Error: communication error

SECMAN:2007:Failed to end classad message.

I am very new to HTCondor so any advice to help me get my multi machine pool running would be greatly appreciated.

I am creating this multi-machine pool using cloud lab. Each node is a m510 machine running ubuntu 22.04.02 LTS. The machines are all connected to the same network and each node has a hostname node{num}. I made node0 the central manager, node1 the submit node, and node2/node3 execute nodes. The commands I ran to create the multi-machine pool were:

$ curl -fsSL https://get.htcondor.org | sudo GET_HTCONDOR_PASSWORD="$htcondor_password" /bin/bash -s -- --no-dry-run --central-manager node0

$ curl -fsSL https://get.htcondor.org | sudo GET_HTCONDOR_PASSWORD="$htcondor_password" /bin/bash -s -- --no-dry-run --submit node0

$curl -fsSL https://get.htcondor.org | sudo GET_HTCONDOR_PASSWORD="$htcondor_password" /bin/bash -s -- --no-dry-run --execute node0

Thanks,

Vijay

Hello Vijay, and welcome to the HTCondor community!

Some quick thoughts :

Re the commands you ran above, just want to confirm that you replaced "$htcondor_password" with an actual password you want to use to secure your pool, correct? If the above is literally what you entered, I am guessing the shell would expand the password into an empty string.

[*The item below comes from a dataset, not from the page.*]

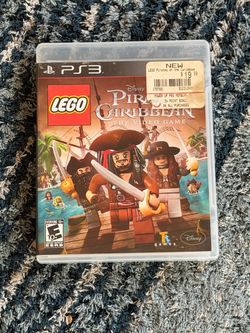 Lego Pirates of the Caribbean the Video Game - Sony PlayStation 3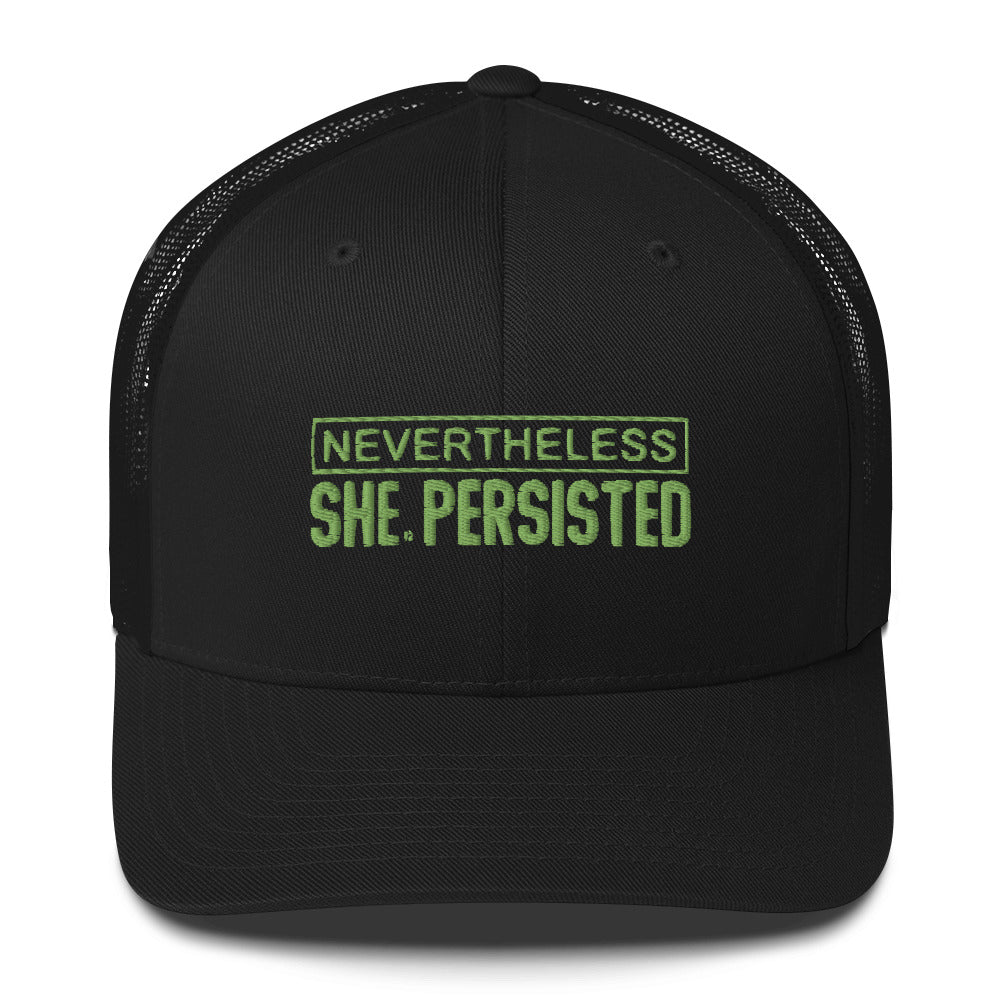 Trucker Cap - She Persisted - FAFO Sportswear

Another thought... you mentioned the nodes are all connected to the same network, but perhaps the nodes are running a firewall? By default HTCondor uses network port 9618, so that will need to be open.

Also, do your machines have /etc/hosts or DNS setup such that, for instance, on node1 you can resolve hostname node0 ? I.e. while logged into node1, can you do "ping node0" ?

Finally, this may not matter, but personally I have always used fully-qualified hostnames to specify the central manager. In other words, on the lines above, instead of node0, perhaps "node0.mydomain.org" (whatever your domain is). Besides fully-qualified hostnames, I have also used IP addresses.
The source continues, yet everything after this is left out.